逆にいうと、1年間で110万円以内の贈与であれば贈与税は課税されません。

暦年課税による基礎控除額以内の生前贈与を活用することで、相続時にかかる相続税を軽減できる可能性があります。

暦年課税の条件

暦年課税の利用には、贈与者・受贈者ともに適用要件は定められておらず、贈与する財産の種類にも条件はありません。

また回数制限も設けられていないため、何度でも暦年課税を利用して贈与できます。

非課税となる基礎控除額は、受贈者一人につき年間110万円です。

1年間に110万円を超えた贈与を受けた場合は贈与税の申告が必要となり、金額に応じた贈与税が課税されます。

暦年課税と相続時精算課税の違い

贈与税の課税方法には、暦年課税のほかに「相続時精算課税」と呼ばれる制度もあります。

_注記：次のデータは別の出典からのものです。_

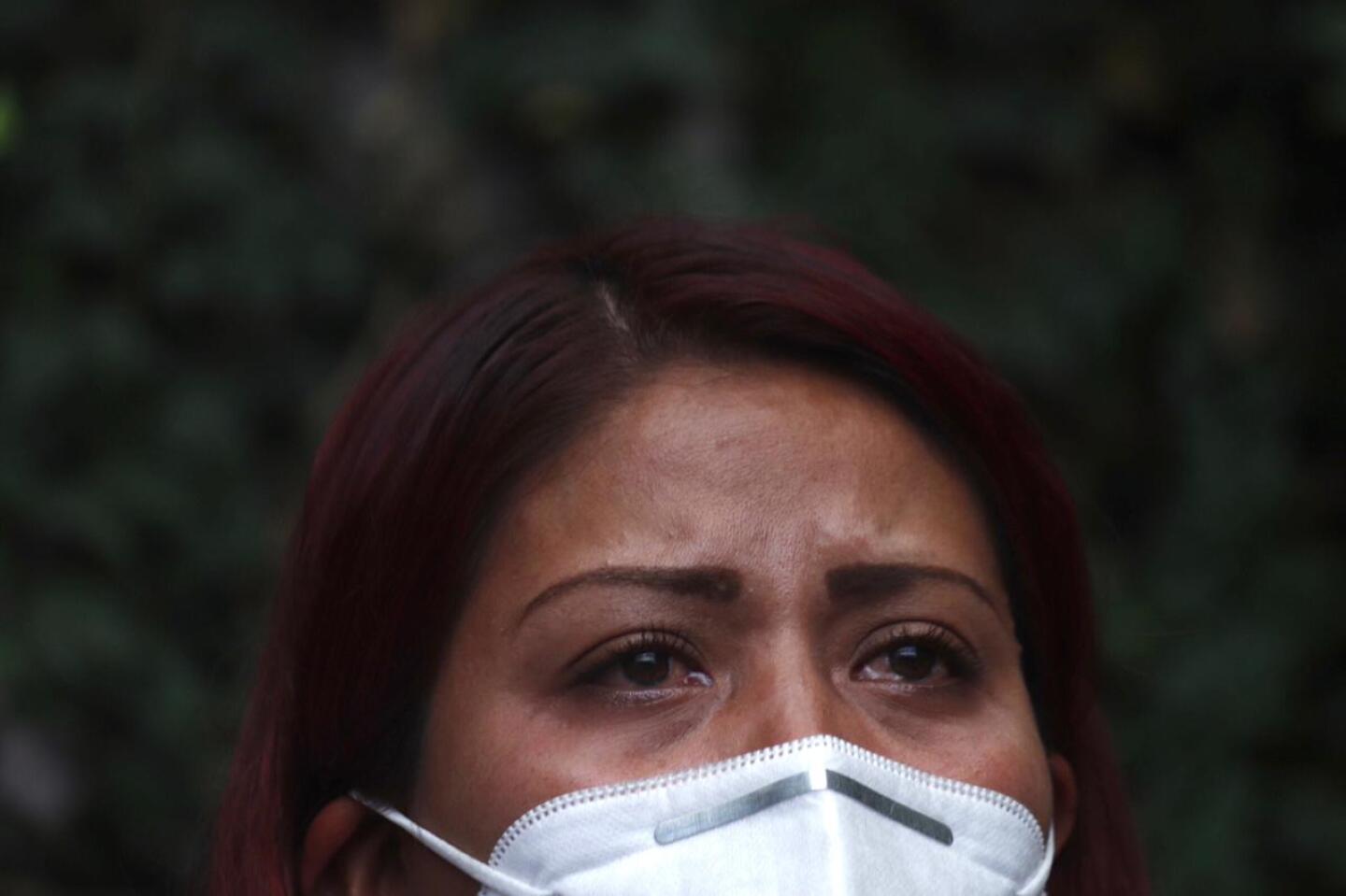 victimas-de-la-linea-12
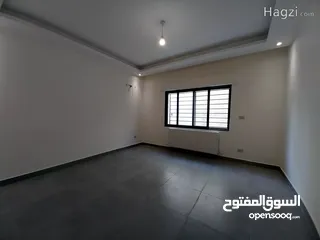  17 شقه للبيع في منطقه الجندويل ( Property ID : 35026 )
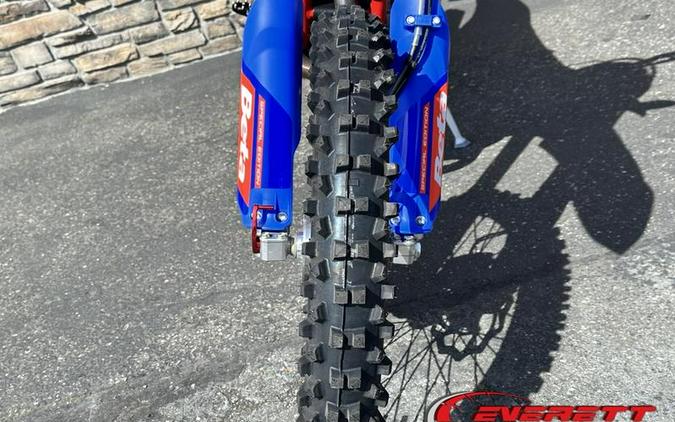 2026 Beta 500 RS Special Edition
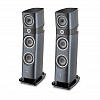 Focal Sopra N°2 Black Ostrea_0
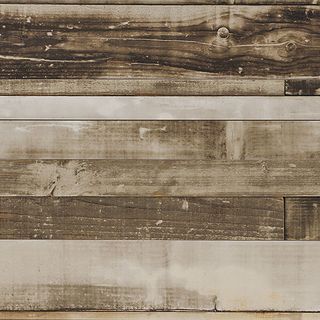 Fioranese Urban Wood керамогранит Burnt Nat 15*15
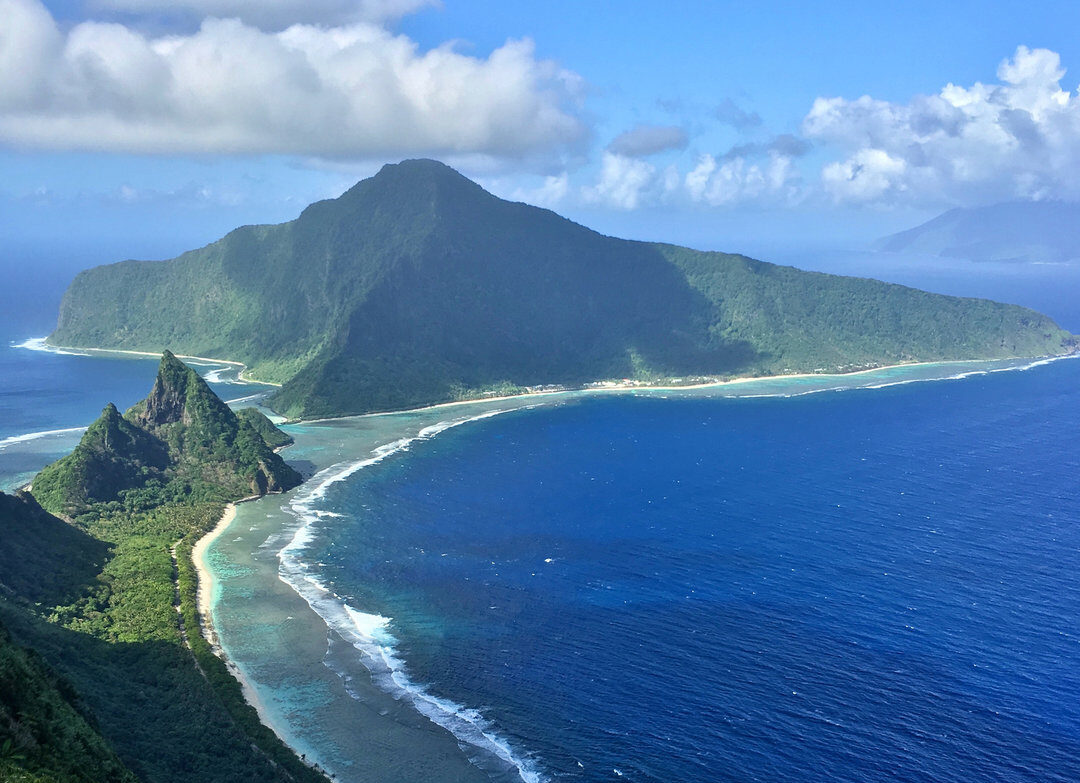 american samoa ofu island u.s territories 3 image purchased from istock 1427943654 result e1791525573196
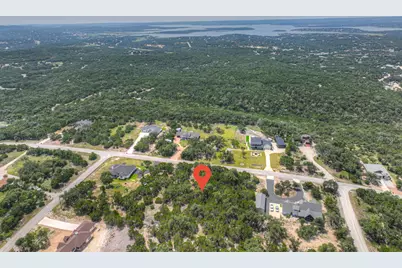 235 Flanders, Fischer, TX 78623 - Photo 26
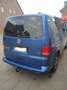 Volkswagen T5 Multivan Stl. Scheckheft AHK Zahnriemen Anlasser Batt.. neu Blau - thumbnail 16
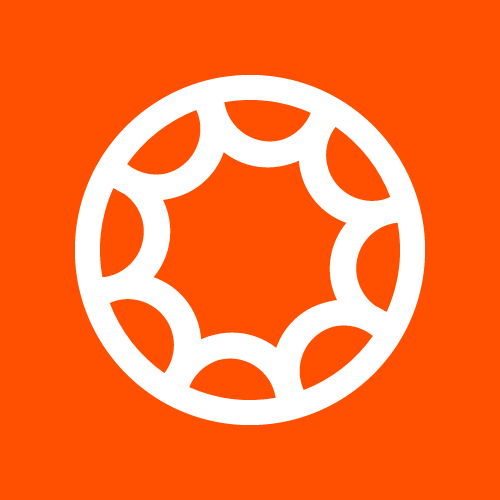&nbsp;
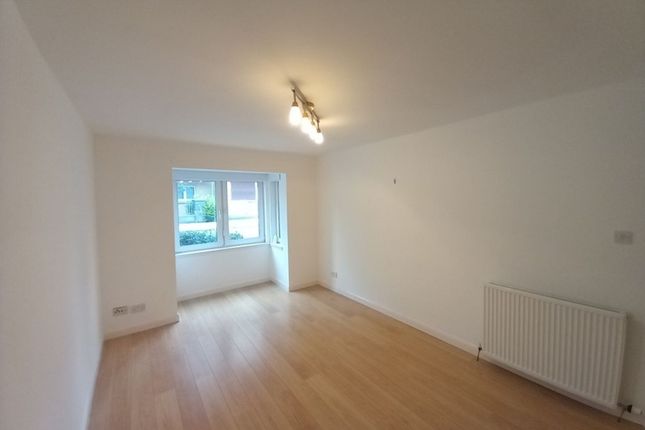 Living Room 1 (1)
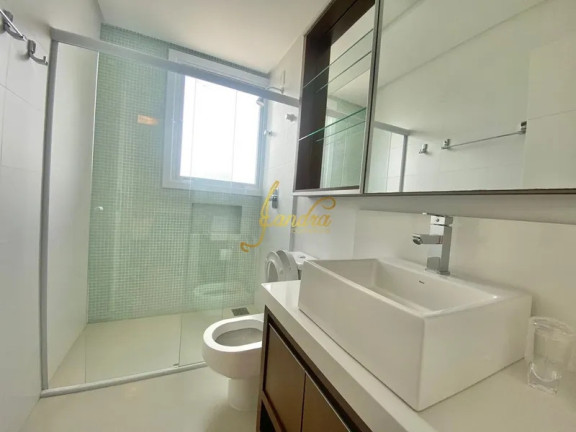 Imagem Casa de Condomínio com 4 Quartos à Venda, 320 m² em Zona Nova - Capão Da Canoa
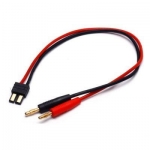 [˾ũ] CB88096-4 SIL,whire [Traxxas] TRX-6 Mercedes-Benz G 63 AMG 6x6 6  ũ﷯ - ͸,  ʿ 3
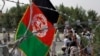 پشاور میں افغان سفارتی مشن دو ماہ بند رہنے کے بعد دوبارہ کھل گیا
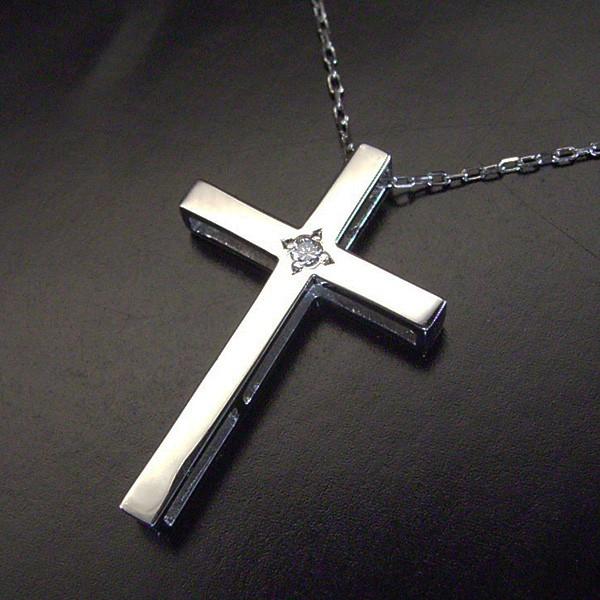 ヴィーナスジュエリー ネックレス 表も裏も使える2WAY 天然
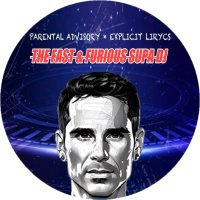 DJ TILLO (@djtillo) 's Twitter Profile Photo DJ TILLO (@djtillo) 's Twitter Profile Photo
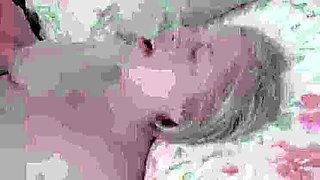 Mature Lesbian Lovers Licking Pussy and Fingering for Ultimate Pleasure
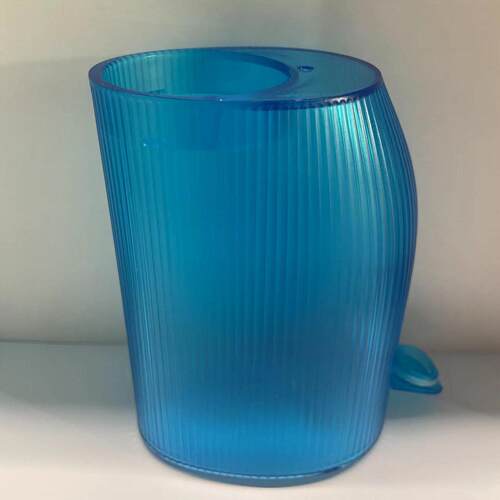 水箱门配件原厂冲牙器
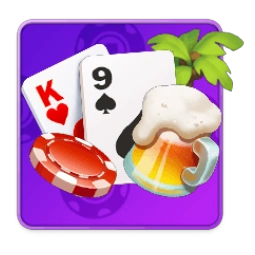 Baccarat No-commission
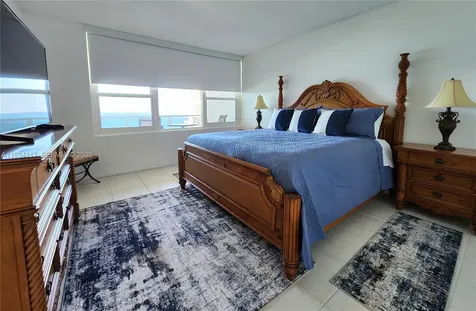 3505 S Ocean Drive Hollywood FL 33019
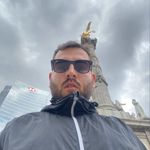 David Camilo Ramírez - @david_camilo_ - Instagram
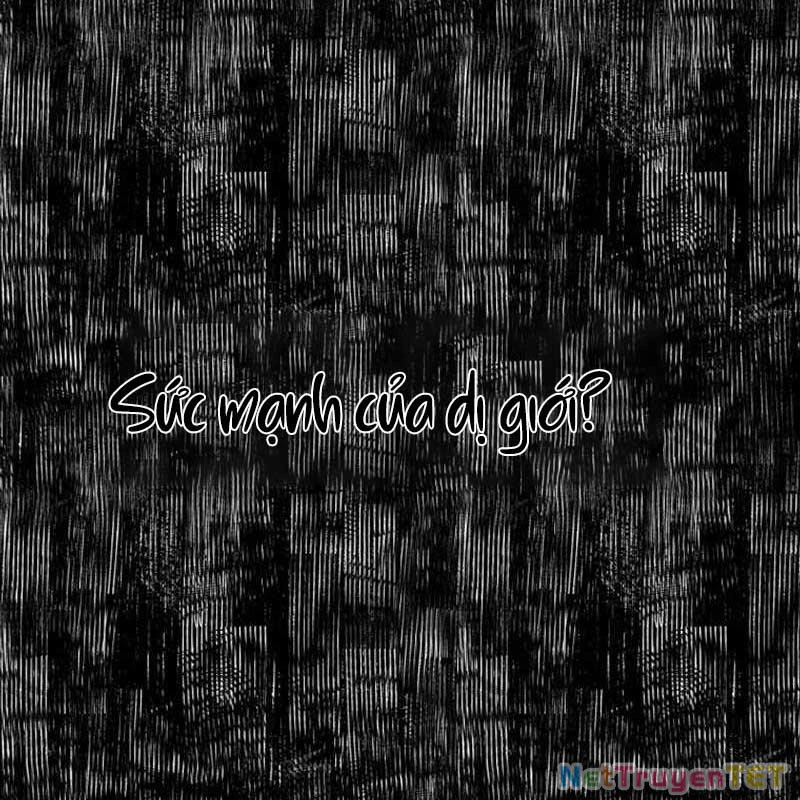 Ông Chú Ma Pháp Thiếu Nữ Chapter 30 - Trang 2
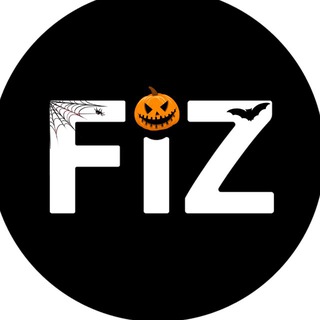 FIZКУЛЬТУРА OFFICIAL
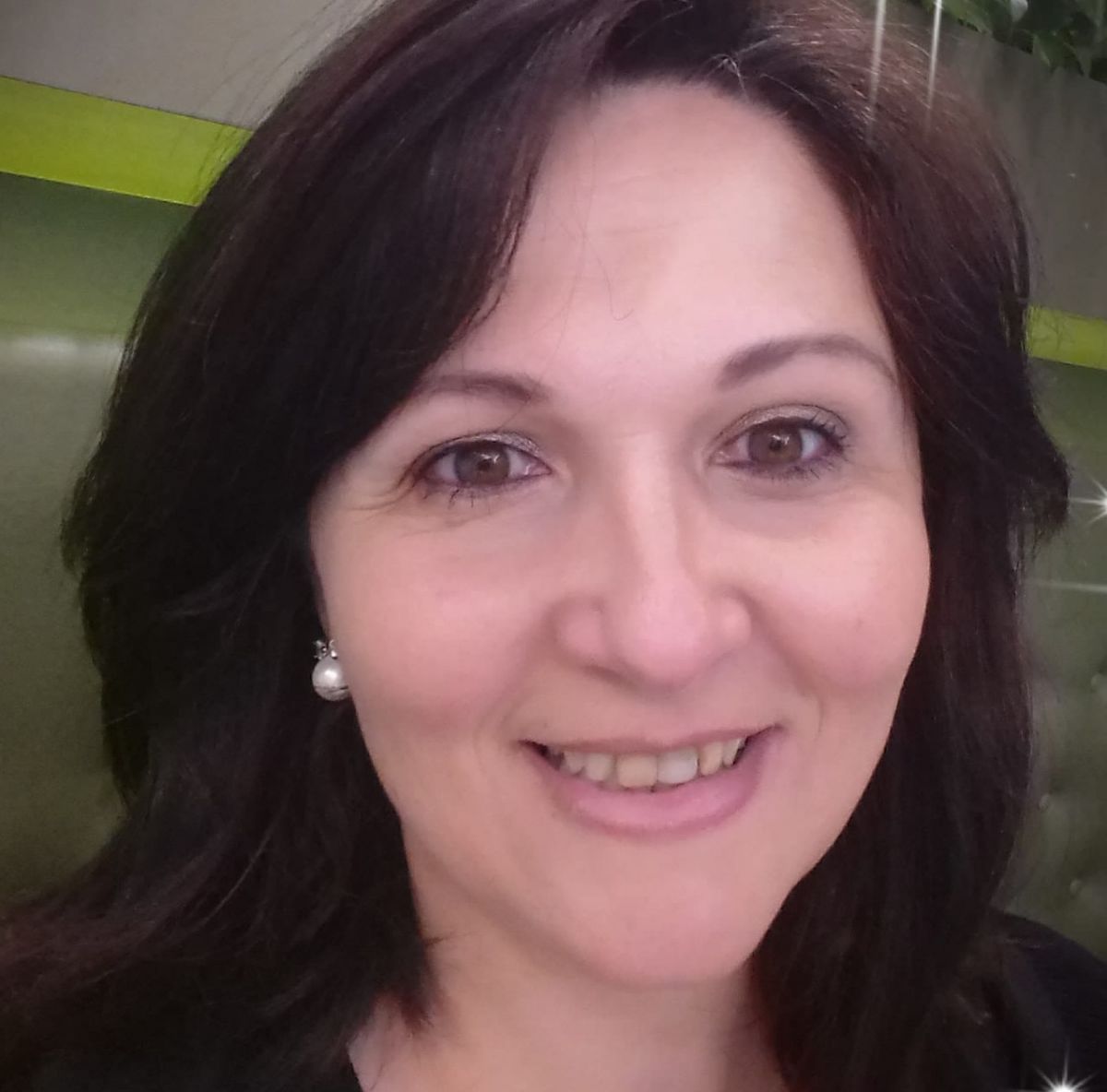 Márcia Andrade - Funchal - Explicações de Inglês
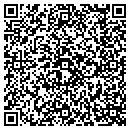 QR code with Sunrise Engineering contacts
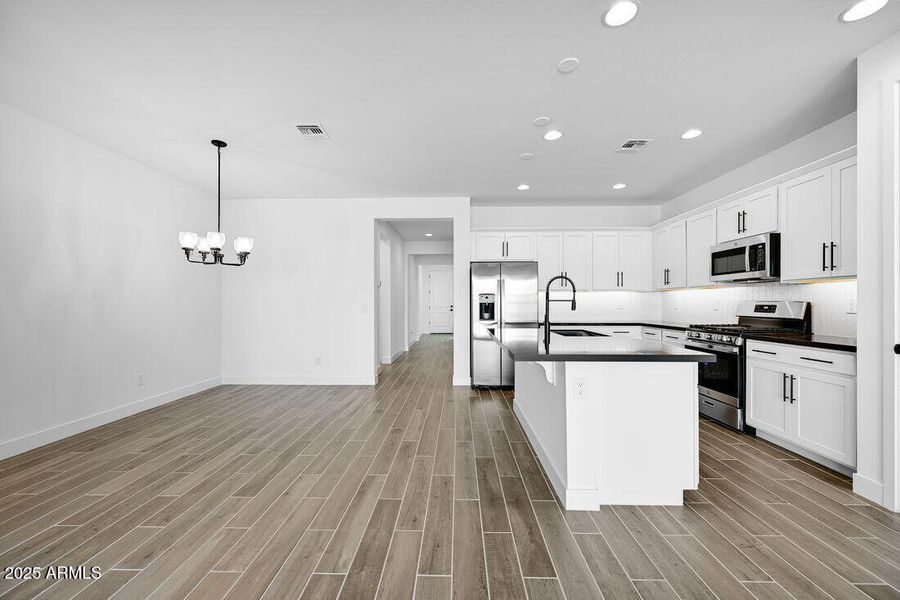 17628 W Georgia Avenue - Ready Now! 17628 W Georgia Avenue - Ready Now!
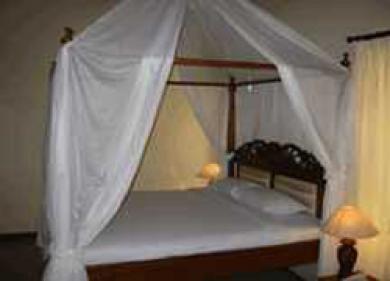 Bali Matahari Hotel Kuta Lombok Esterno foto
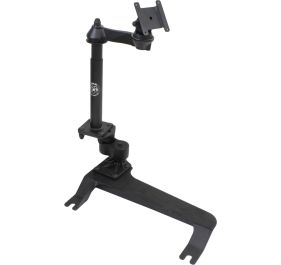 RAM Mount RAM-VB-131A-PV1 Products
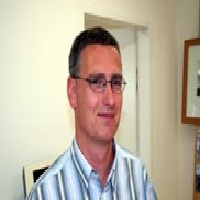 Robert Berent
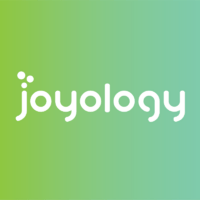 Joyology - Grand Rapids Thumbnail Image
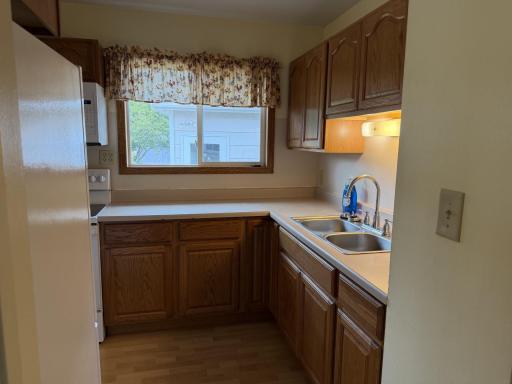 202 Kent Road, Hoyt Lakes, MN 55750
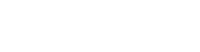 Transports Dimier & Fils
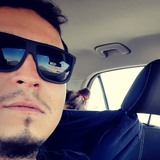 Moralesarayat6 from Antofagasta | Man | 35 years old | Virgo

暦年課税と相続時精算課税の違いは、以下の表のとおりです。

暦年課税 相続時精算課税
贈与者の適用要件 なし 贈与した年の1月1日時点で60歳以上の父母または祖父母
受贈者の適用要件 なし 贈与された年の1月1日時点で18歳以上の子または孫
基礎控除額 受贈者一人につき年間110万円 贈与者一人につき2,500万円
贈与回数の制限 なし
※相続時精算課税選択後は使用不可
なし
※一度選択すると相続時まで継続
贈与税の申告 贈与額が年間110万円を超えた場合に必要 金額にかかわらず必要
贈与税の計算方法 (贈与額−110万円)×超過累進課税(10〜55%) (贈与額−2500万円)×一律20%
贈与者が死亡した場合 相続時の加算はなし
※受贈者が相続人の場合、相続開始前3年以内に受けた贈与財産は相続財産に加算
贈与財産は贈与時の価格で相続財産に加算

相続時精算課税による贈与は、2,500万円までであれば贈与税が課税されませんが、贈与者が死亡した際の相続税は別途課税されます。

また贈与者と受贈者それぞれに適用要件が定められており、適用要件を満たす場合は暦年課税と相続時精算課税のどちらかを選択できます。

長期間にわたって少しずつ資産を移動したい人には暦年課税、短期間で多額の資産を移動したい人には相続時精算課税が適しているといえるでしょう。

暦年課税のメリット

暦年課税による贈与の主なメリットは、次の3つです。
・相続税を軽減できる
・複数人に贈与するとそれぞれに基礎控除が適用される
・生前に自らの意思で財産を分割できる

暦年課税にはさまざまなメリットがありますが、とくに相続に関連する節税の利点が注目されています。

各メリットについて、以下で詳しく見ていきましょう。

相続税を軽減できる

相続税を軽減できるのは、暦年課税の大きなメリットです。

一般的に相続税の額は、相続財産の合計額にもとづいて計算されます。

そのため、相続前に一部の財産を贈与しておくと、相続財産の総額を減少させられるため、相続税の負担を軽減できます。

暦年課税の基礎控除額をうまく利用すれば、複数年にわたり継続的に財産を贈与でき、結果的に相続税の大幅な軽減が期待できるのです。

複数人に贈与するとそれぞれに基礎控除が適用される

暦年課税における基礎控除のメリットは、贈与を受ける人ごとに独立して適用される点です。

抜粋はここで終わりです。